_Instructions for the task_
The lines below, from the one holding "thumbnail image 2" through the one holding "Bài vị Cửu Huyền", are to be restated word for word, with all images left out.

Saved entries:

= Beginning of Section =

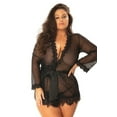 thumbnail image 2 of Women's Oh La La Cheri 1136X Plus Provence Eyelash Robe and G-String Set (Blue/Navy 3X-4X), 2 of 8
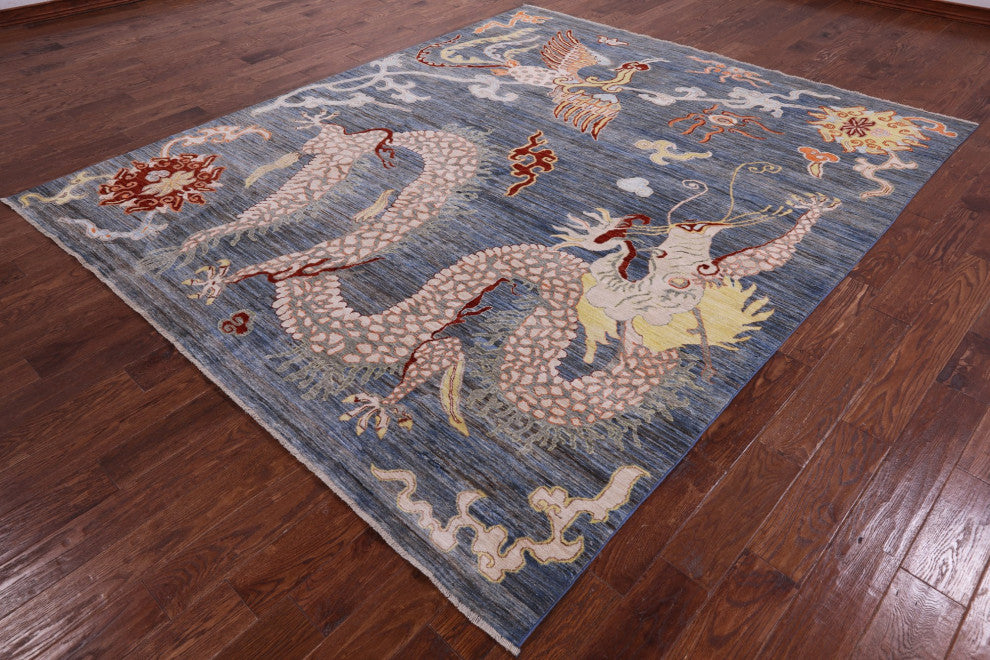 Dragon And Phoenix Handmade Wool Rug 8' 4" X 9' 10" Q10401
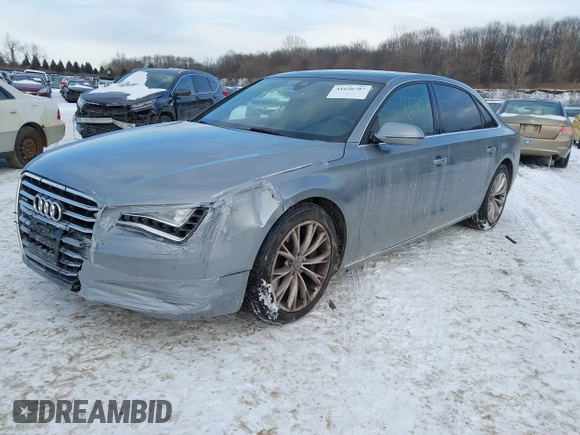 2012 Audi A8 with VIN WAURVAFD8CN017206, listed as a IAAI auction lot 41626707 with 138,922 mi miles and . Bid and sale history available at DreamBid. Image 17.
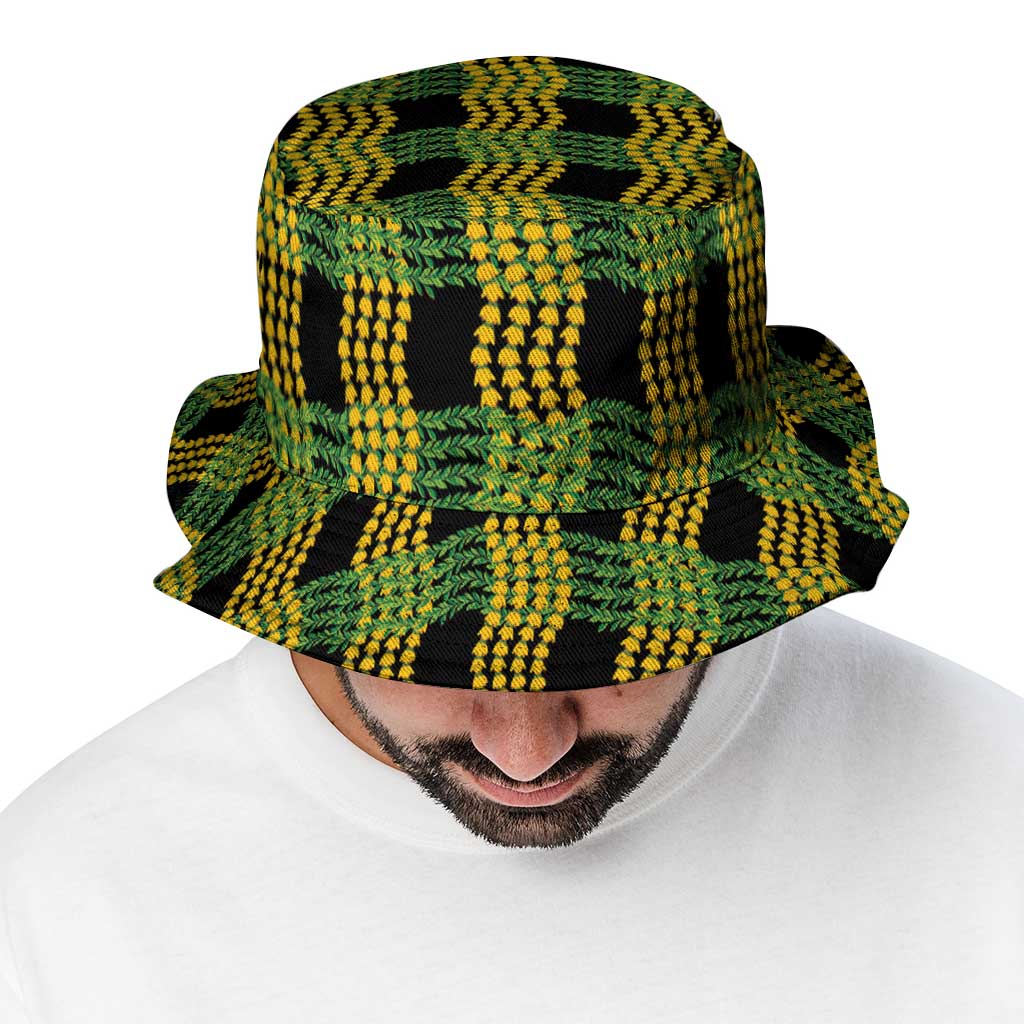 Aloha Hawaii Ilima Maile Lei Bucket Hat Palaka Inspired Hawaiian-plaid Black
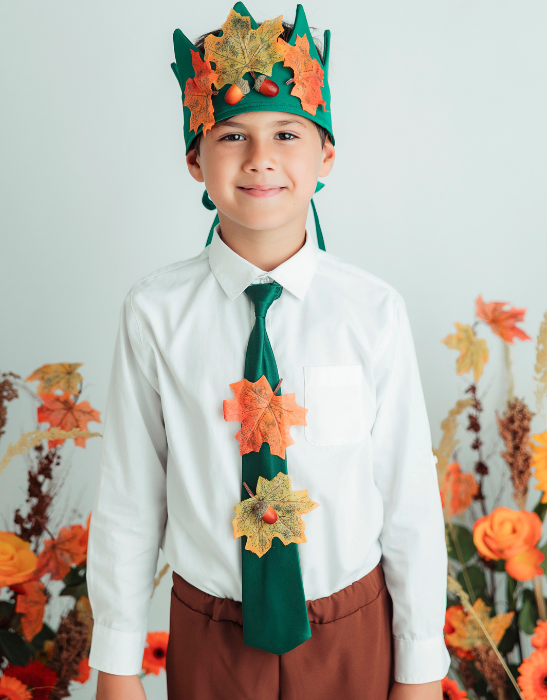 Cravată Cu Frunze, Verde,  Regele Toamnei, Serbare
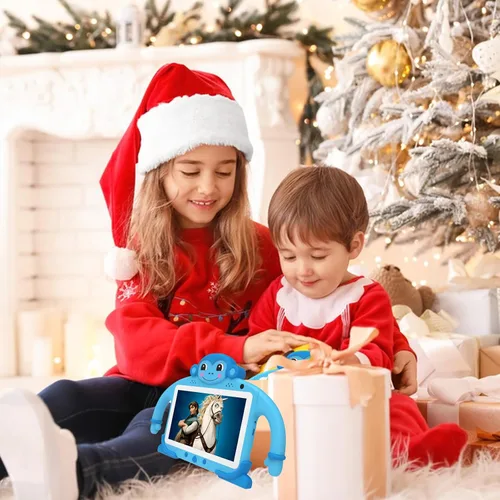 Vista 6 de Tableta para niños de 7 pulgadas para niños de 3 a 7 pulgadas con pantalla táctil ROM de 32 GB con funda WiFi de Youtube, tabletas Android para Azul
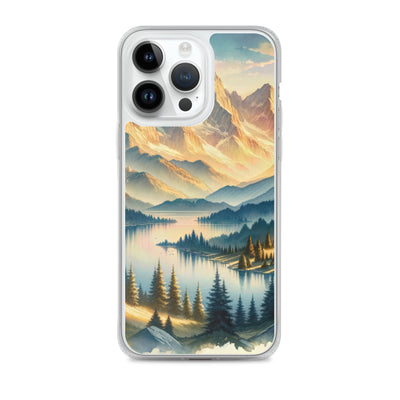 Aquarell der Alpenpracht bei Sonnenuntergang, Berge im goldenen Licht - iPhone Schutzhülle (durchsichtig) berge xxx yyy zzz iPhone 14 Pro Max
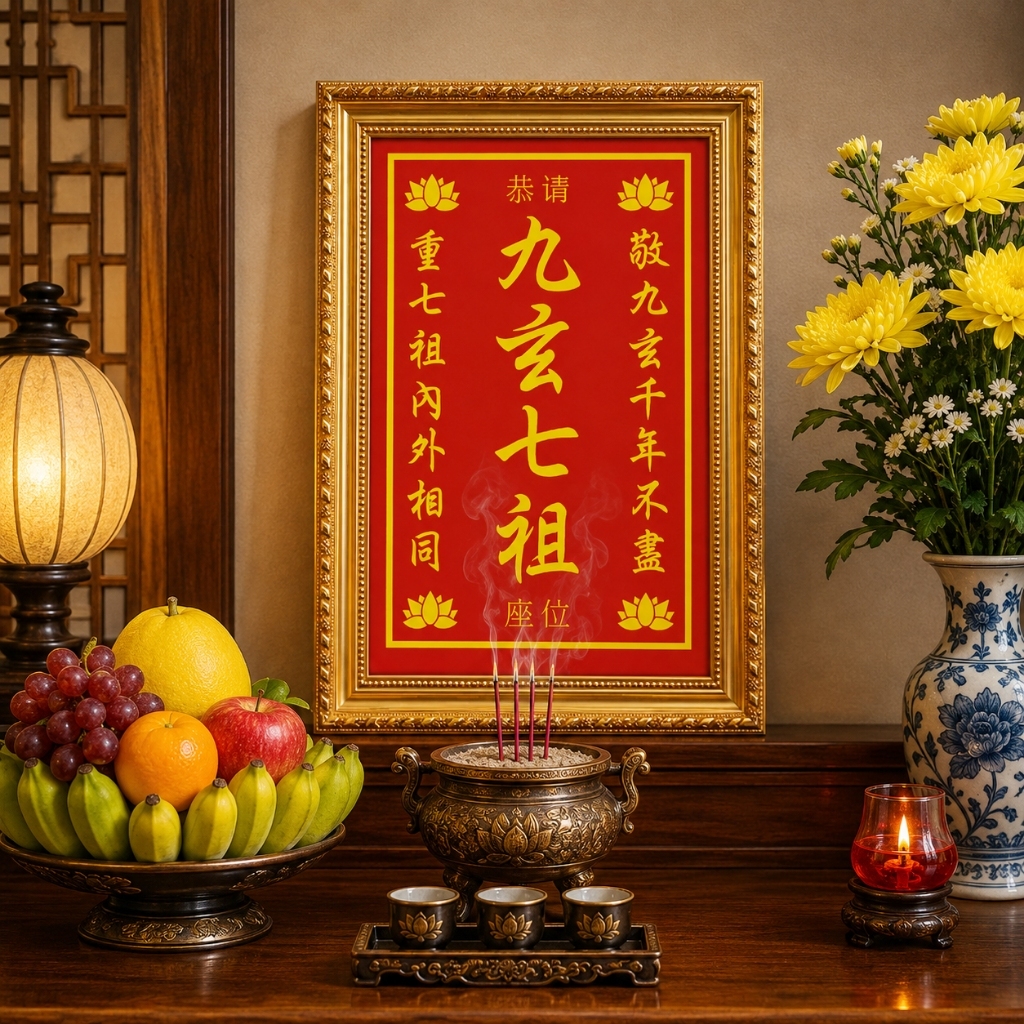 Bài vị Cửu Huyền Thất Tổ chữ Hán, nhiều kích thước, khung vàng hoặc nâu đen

= End of Section =
= Beginning of Section =

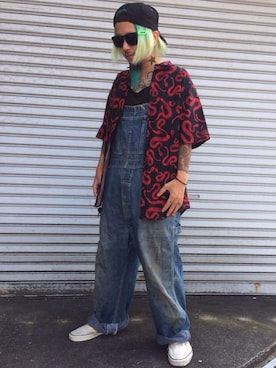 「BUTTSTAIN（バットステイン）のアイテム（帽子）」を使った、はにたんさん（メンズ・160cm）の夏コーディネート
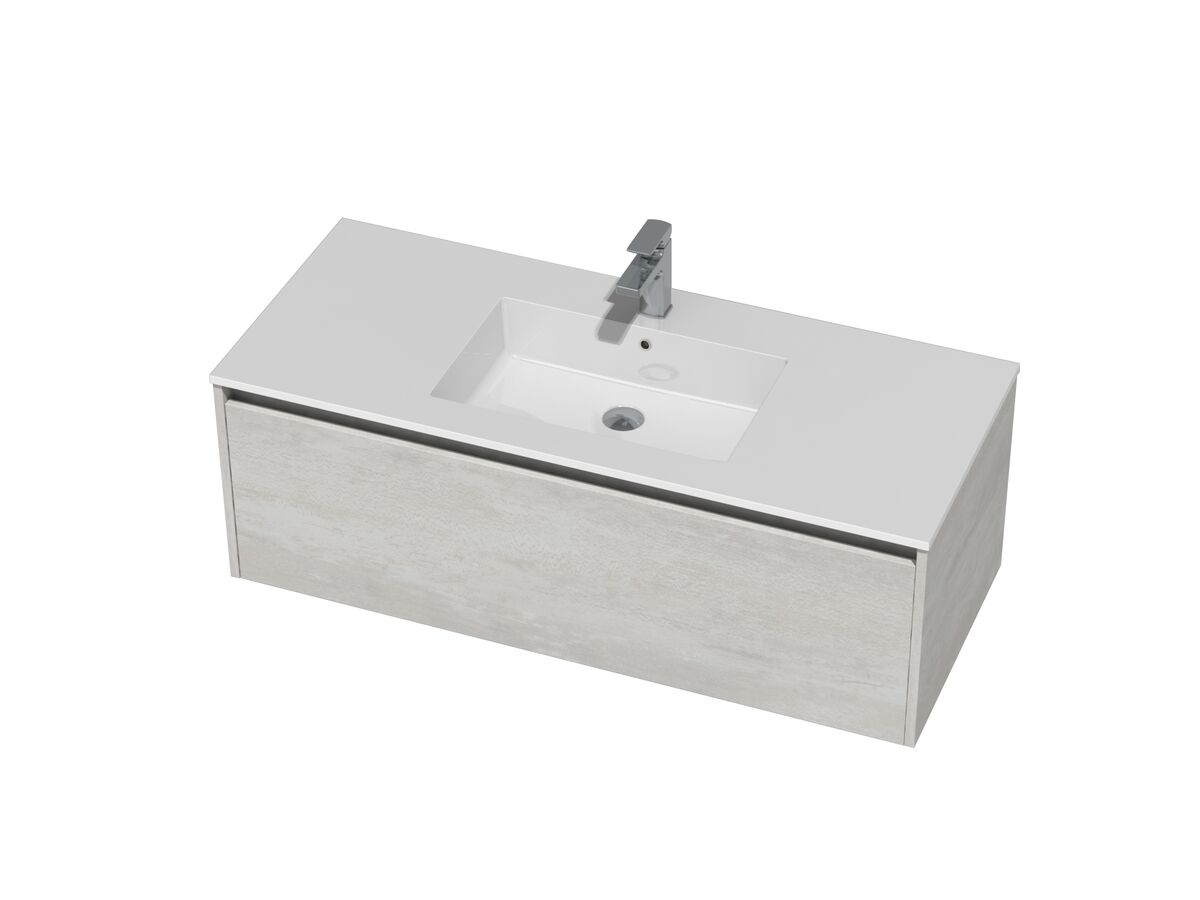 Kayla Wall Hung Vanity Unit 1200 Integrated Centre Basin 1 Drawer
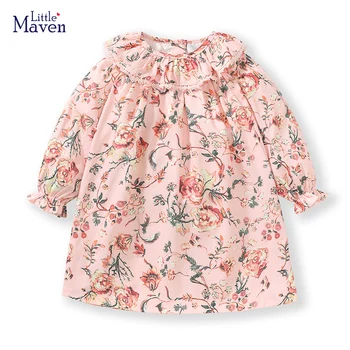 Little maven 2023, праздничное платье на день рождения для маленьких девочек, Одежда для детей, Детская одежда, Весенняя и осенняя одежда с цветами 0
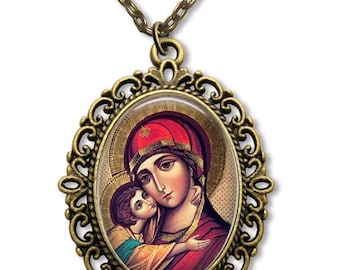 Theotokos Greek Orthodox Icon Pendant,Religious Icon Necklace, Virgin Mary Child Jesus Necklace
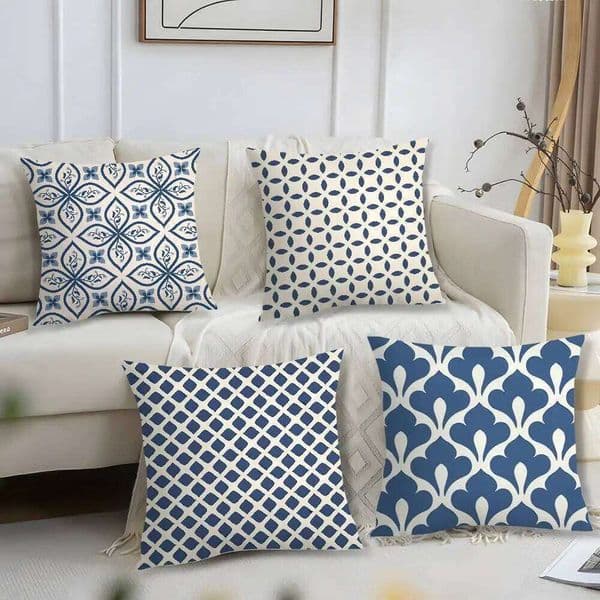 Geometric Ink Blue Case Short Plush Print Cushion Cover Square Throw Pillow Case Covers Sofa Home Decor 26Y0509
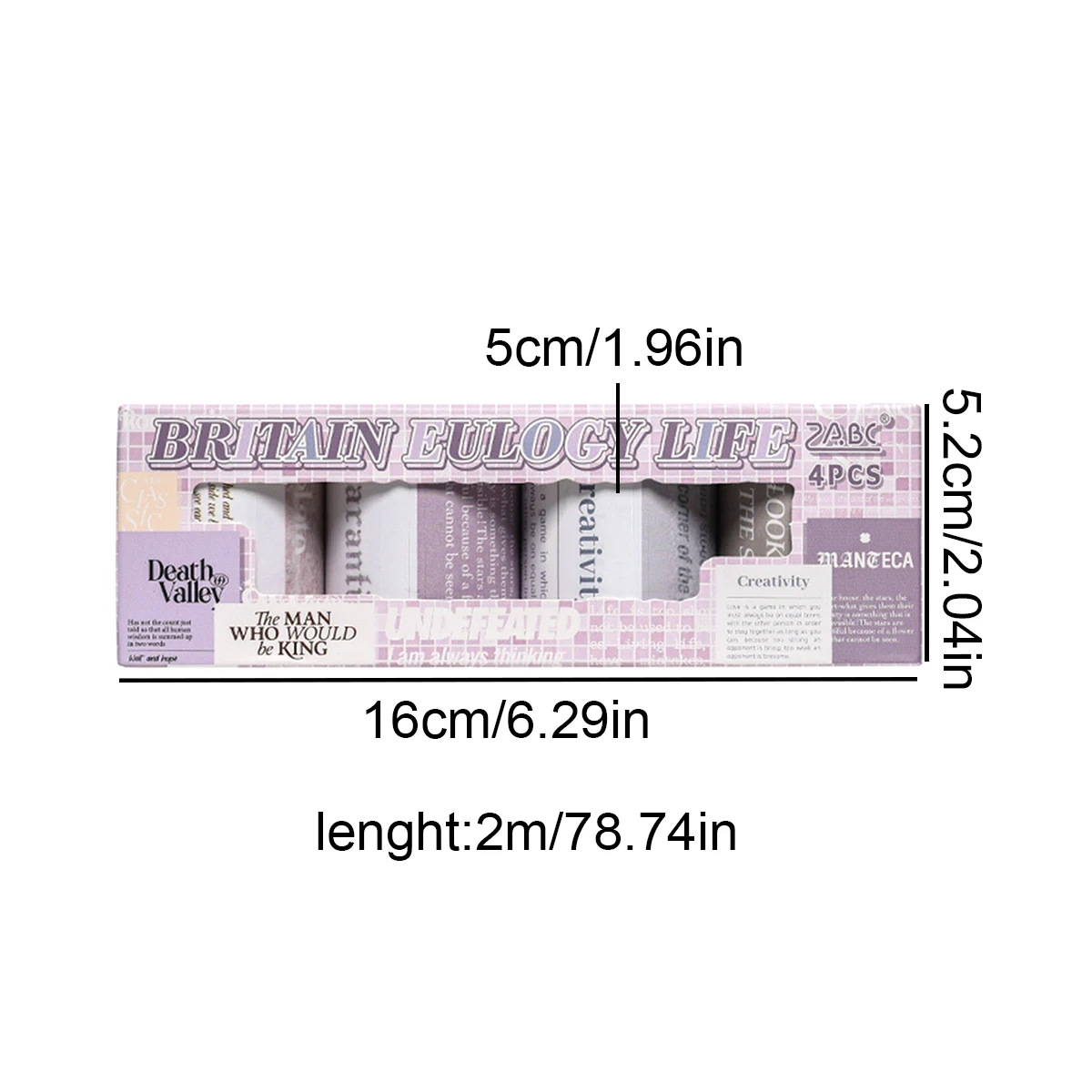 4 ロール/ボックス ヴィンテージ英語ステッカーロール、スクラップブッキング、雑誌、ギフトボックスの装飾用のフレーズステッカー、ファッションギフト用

= End of Section =

_Response for this exercise_
 thumbnail image 2 of Women's Oh La La Cheri 1136X Plus Provence Eyelash Robe and G-String Set (Blue/Navy 3X-4X), 2 of 8
 Dragon And Phoenix Handmade Wool Rug 8' 4" X 9' 10" Q10401
 2012 Audi A8 with VIN WAURVAFD8CN017206, listed as a IAAI auction lot 41626707 with 138,922 mi miles and . Bid and sale history available at DreamBid. Image 17.
 Aloha Hawaii Ilima Maile Lei Bucket Hat Palaka Inspired Hawaiian-plaid Black
 Cravată Cu Frunze, Verde,  Regele Toamnei, Serbare
 Vista 6 de Tableta para niños de 7 pulgadas para niños de 3 a 7 pulgadas con pantalla táctil ROM de 32 GB con funda WiFi de Youtube, tabletas Android para Azul
 Aquarell der Alpenpracht bei Sonnenuntergang, Berge im goldenen Licht - iPhone Schutzhülle (durchsichtig) berge xxx yyy zzz iPhone 14 Pro Max
 Bài vị Cửu Huyền Thất Tổ chữ Hán, nhiều kích thước, khung vàng hoặc nâu đen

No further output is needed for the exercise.